2.Parent Commissioning Celebration is the second step, where we come together to celebrate your desire to raise your child up in a God-centered home. On the day of this celebration (during weekend services), we will bring you up onstage and pray for you as a church family.

Upcoming Dates:

  • Parent Commissioning Sunday, May 27th during the 9:15am service, with a mandatory Parent Meeting on May 20th during the 11am service.
  • Parent Commissioning Sunday July 1st during the 9:15am service, with a mandatory Parent Meeting on May 20th during the 11am service.


More Information

 

Why we commission parents instead of doing Infant Baptism …

Parent Commissioning at Torch of Faith is not the same as infant baptism. We believe that baptism is a public statement of faith that can be made only by someone who has personally believed in Christ. Infants cannot make a personal decision to believe in Jesus. Older children, however, can make that personal decision. So, we do offer baptism for children in sixth grade and up.

Why we commission parents instead of doing Child Dedication …

1. We are beginning a partnership with parents.

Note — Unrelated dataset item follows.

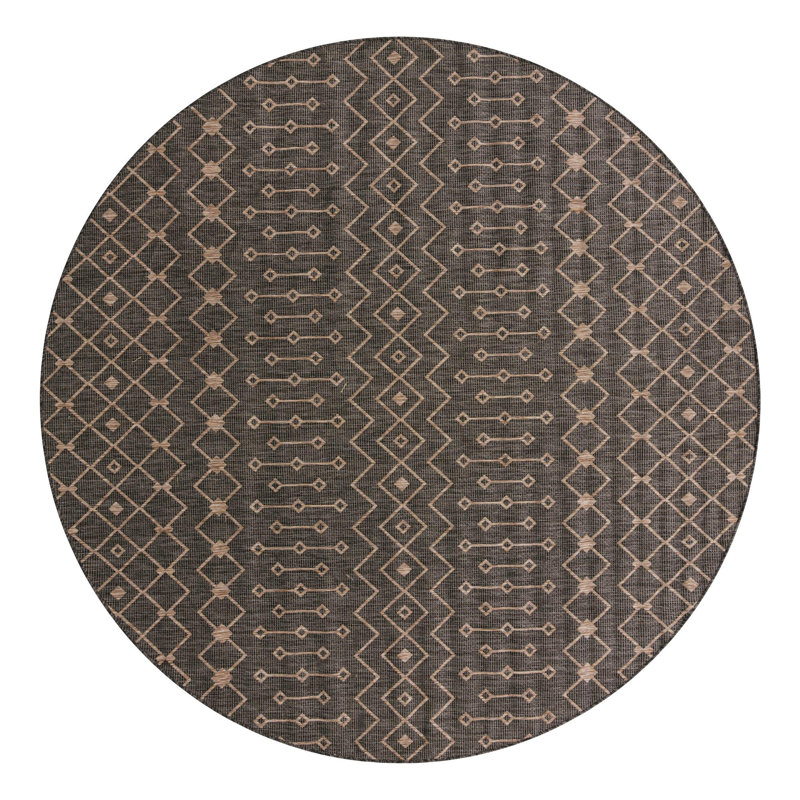 Tapis intérieur / extérieur gris anthracite Leyla, Rond 10 pi 8 po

 One role that our church must never take on is that of being the primary discipler of all our kids.  It’s a matter of principle: God wants mothers and fathers to be the front-line disciple-makers of their children’s lives.
By creating a milestone of Parent Commissioning (with its accompanying Parent Orientation class), we begin a committed partnership between our parents and the church, where we look to be a third-party presence confirming to the kids what the parents are already teaching at home. That milestone doesn’t have to happen when they are babies, either. We will commission families with preschool, elementary, and even middle-school aged kids.
If we can get dads and moms to accept their role as the primary disciplers of their kids at the beginning of our relationship, it sets us both up for success down the road as we partner with them in all phases of parenthood.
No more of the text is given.